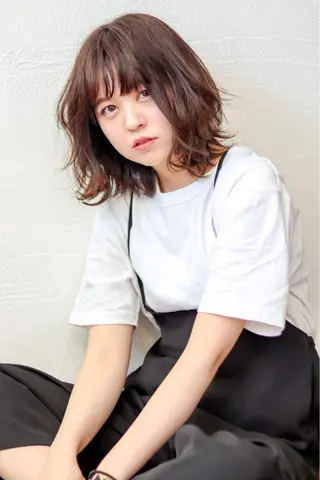 ミディアム カラー 山内 悠のヘアスタイル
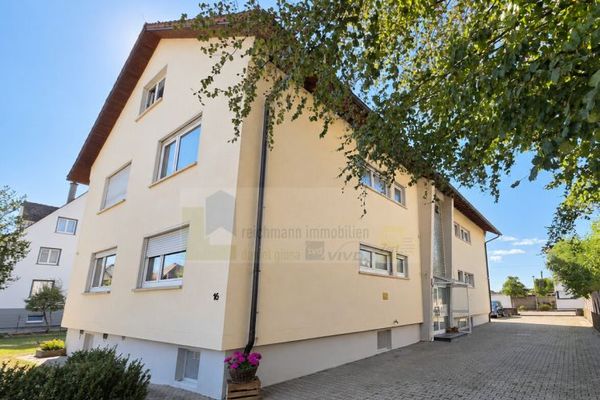 Dachgeschosswohnung mit 2 Zimmern, Garage und viel Potenzial für Eigennutzer oder Anleger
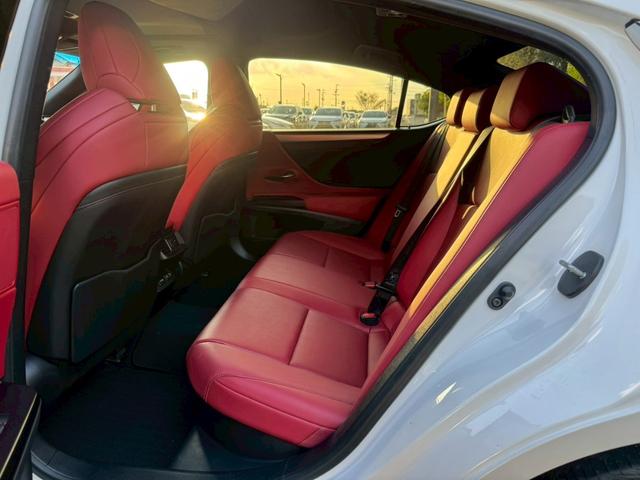 ES 300h Fスポーツ サンルーフ/デジタルインナーミラー/全周囲カメラ/衝突軽減/レーダークルーズ/コーナーセンサー/ブラインドスポットモニター/シートヒーター・エアコン/ハンドルヒーター/Bluetooth/ETC(66枚目)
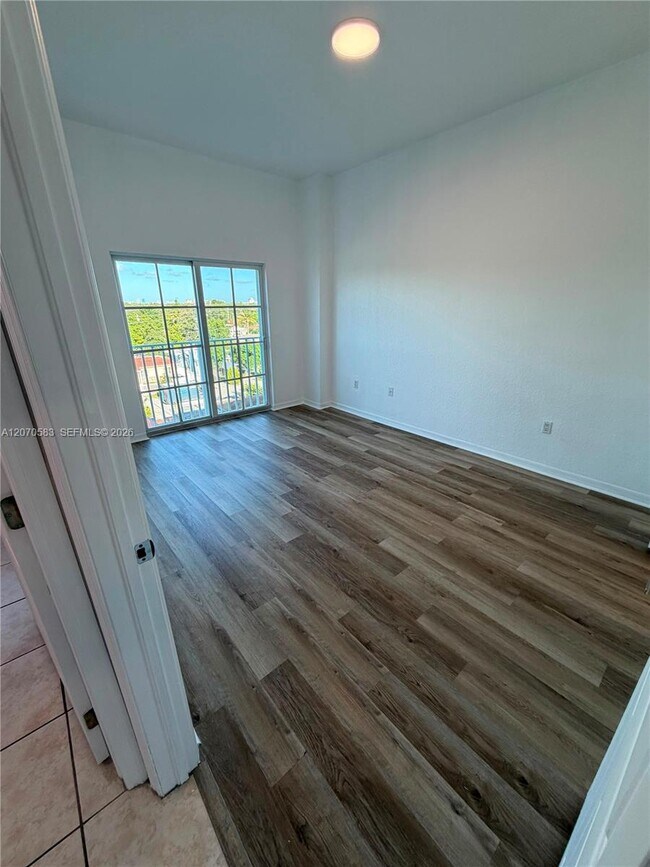 295 NW 57th Ave Unit 508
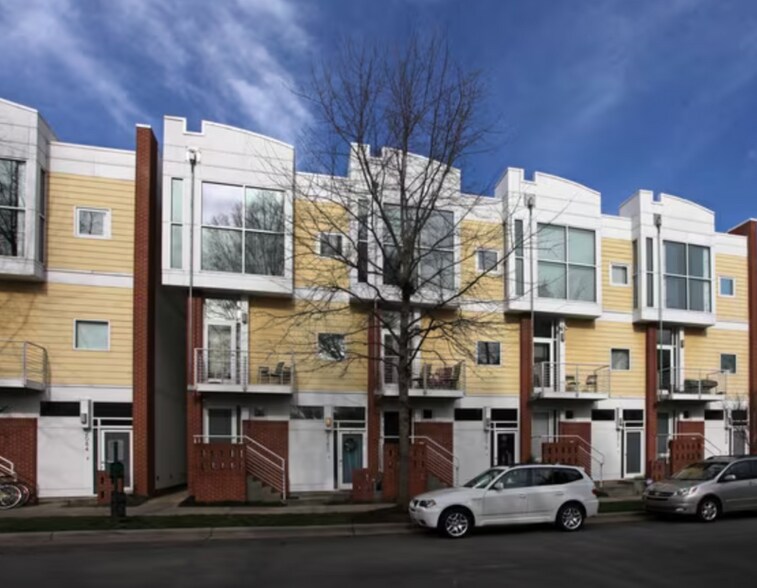 Building Photo - 2074 Euclid Ave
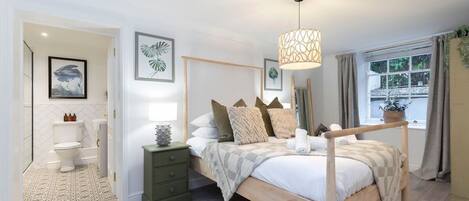 2 slaapkamers, een strijkplank/strijkijzer, reisbedje, gratis wifi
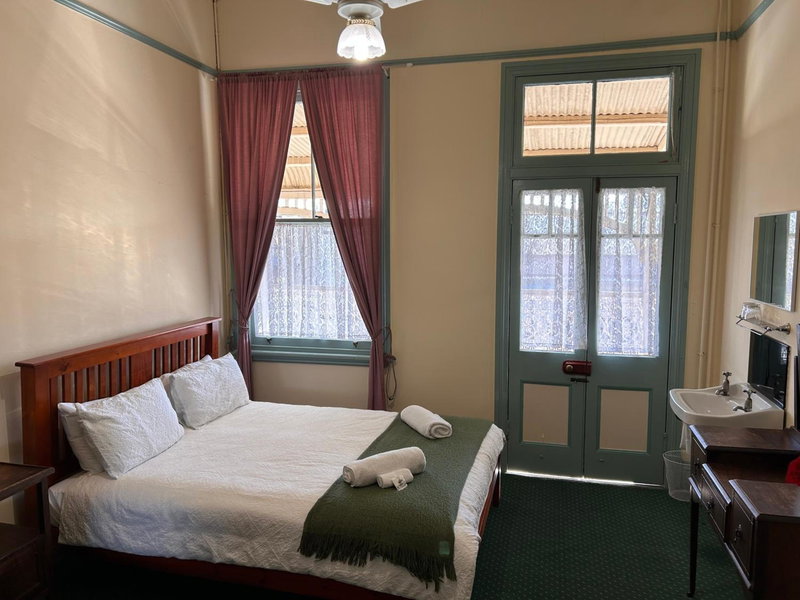 Criterion Warwick Hotel, Warwick, Australia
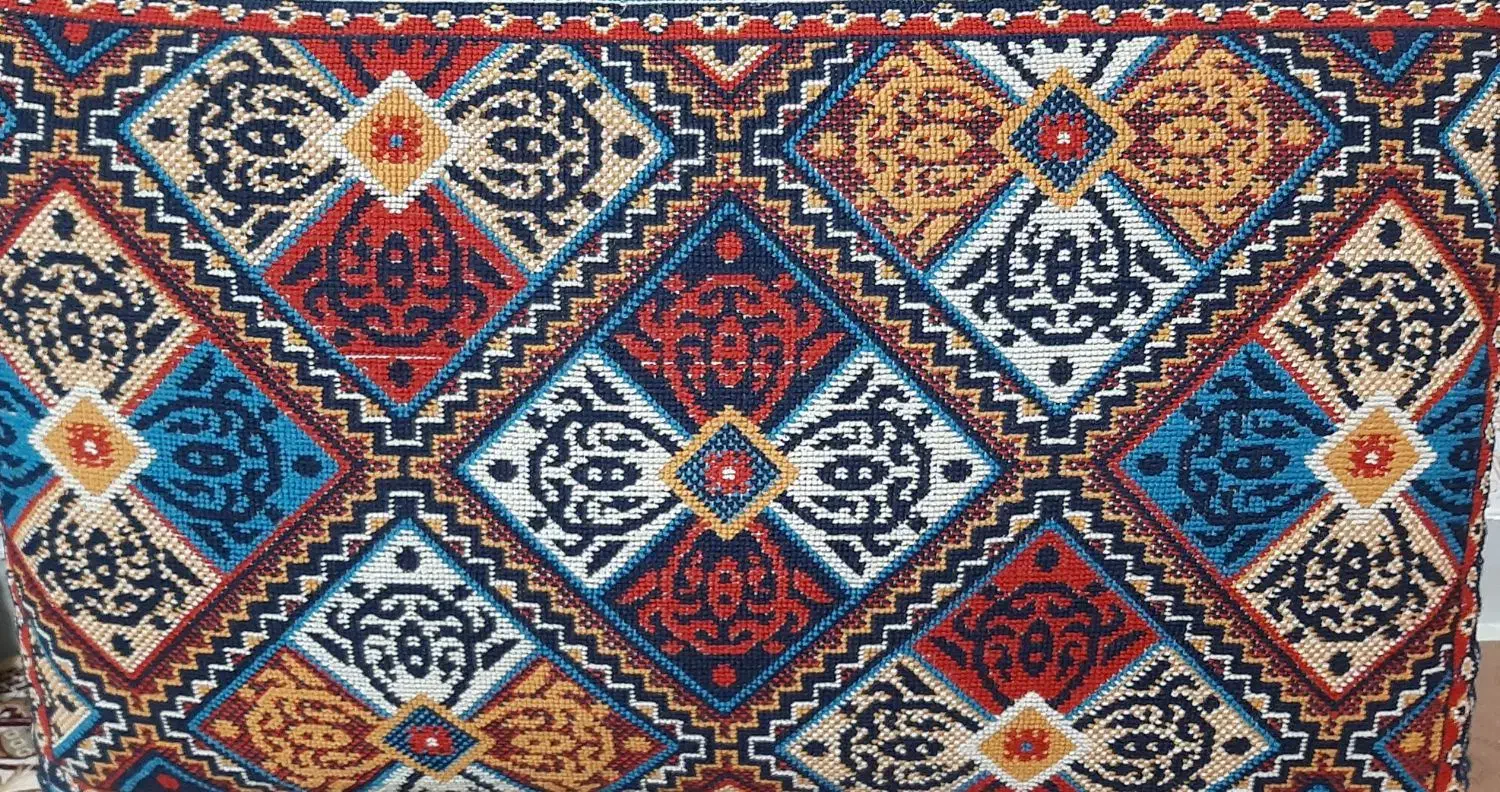 پشتی|پشتی|اقبالیه, |دیوار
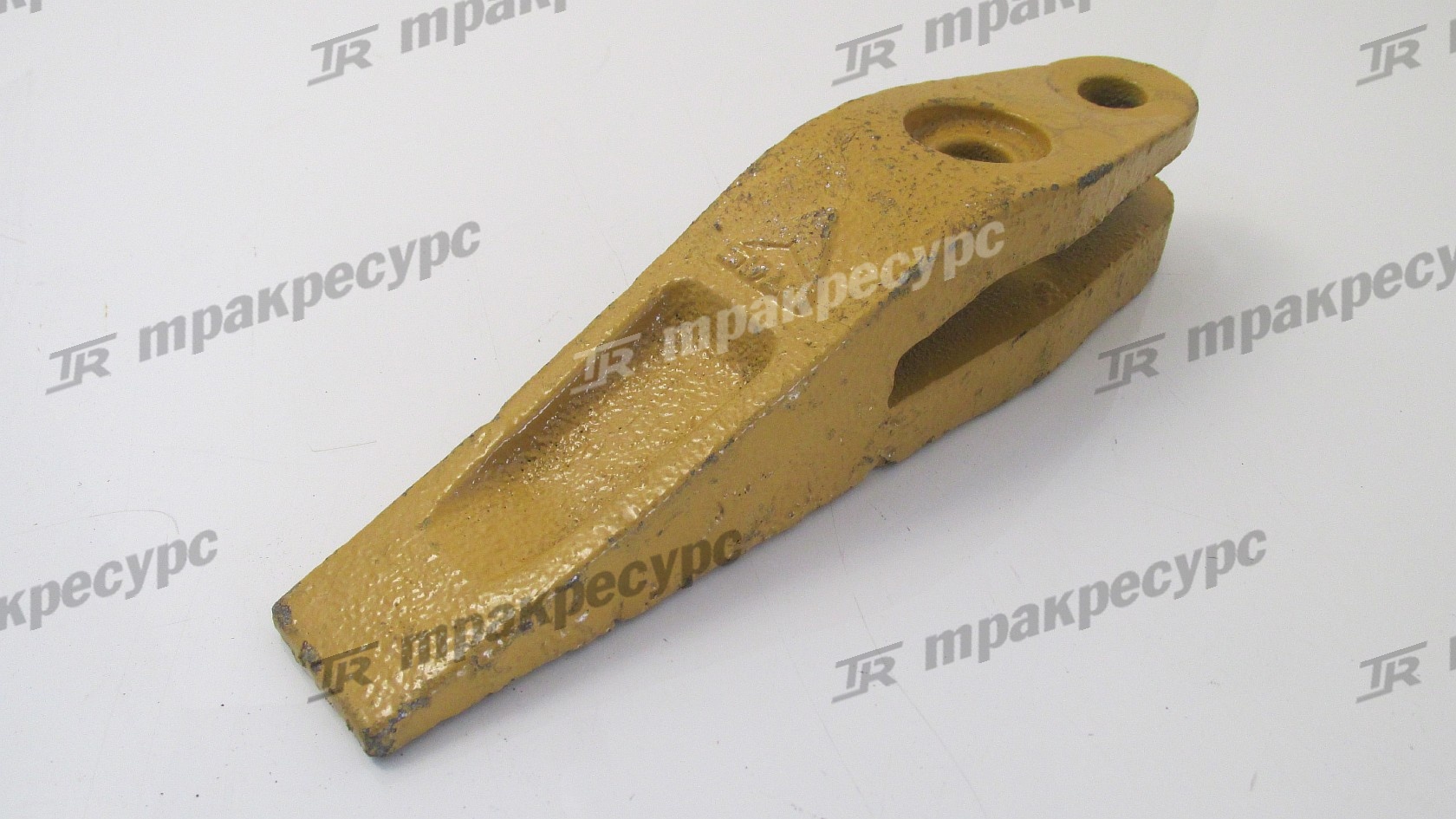 Зуб ковша центральный LG930-936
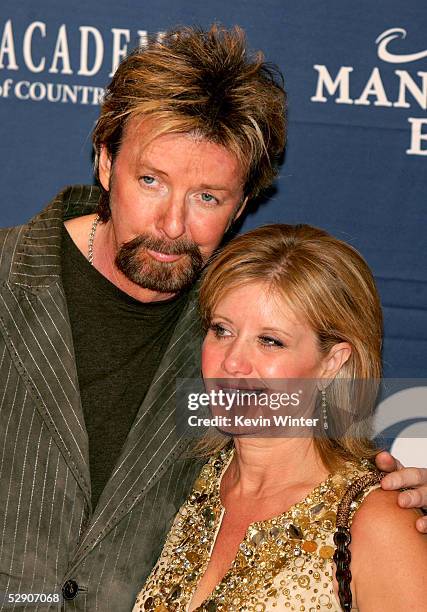 Musician Ronnie Dunn and his wife Janine arrive at the 40th Annual Academy Country Music Awards at Mandalay Bay Resort & Casino on May 17, 2005 in...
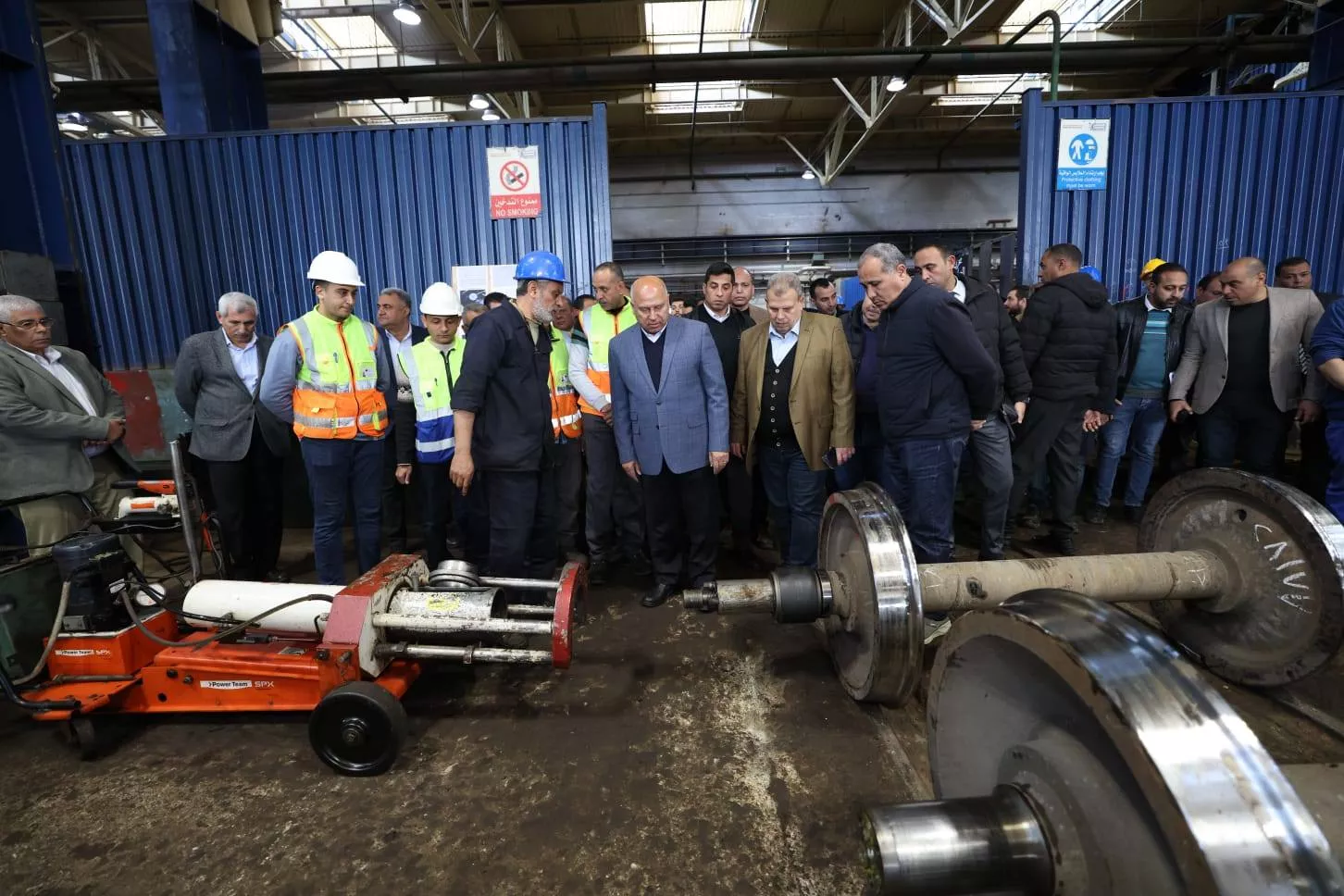 وزير النقل يتفقد ورش عربات جبل الزيتون بالإسكندرية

- - -

*WHAT THE TASK REQUIRES*. Before copying the material, set its pictures aside; then transcribe it word for word.

*ANSWER SPACE*.
 ミディアム カラー 山内 悠のヘアスタイル
 Dachgeschosswohnung mit 2 Zimmern, Garage und viel Potenzial für Eigennutzer oder Anleger
 ES 300h Fスポーツ サンルーフ/デジタルインナーミラー/全周囲カメラ/衝突軽減/レーダークルーズ/コーナーセンサー/ブラインドスポットモニター/シートヒーター・エアコン/ハンドルヒーター/Bluetooth/ETC(66枚目)
 295 NW 57th Ave Unit 508
 Building Photo - 2074 Euclid Ave
 2 slaapkamers, een strijkplank/strijkijzer, reisbedje, gratis wifi
 Criterion Warwick Hotel, Warwick, Australia
 پشتی|پشتی|اقبالیه, |دیوار
 Зуб ковша центральный LG930-936
 Musician Ronnie Dunn and his wife Janine arrive at the 40th Annual Academy Country Music Awards at Mandalay Bay Resort & Casino on May 17, 2005 in...
 وزير النقل يتفقد ورش عربات جبل الزيتون بالإسكندرية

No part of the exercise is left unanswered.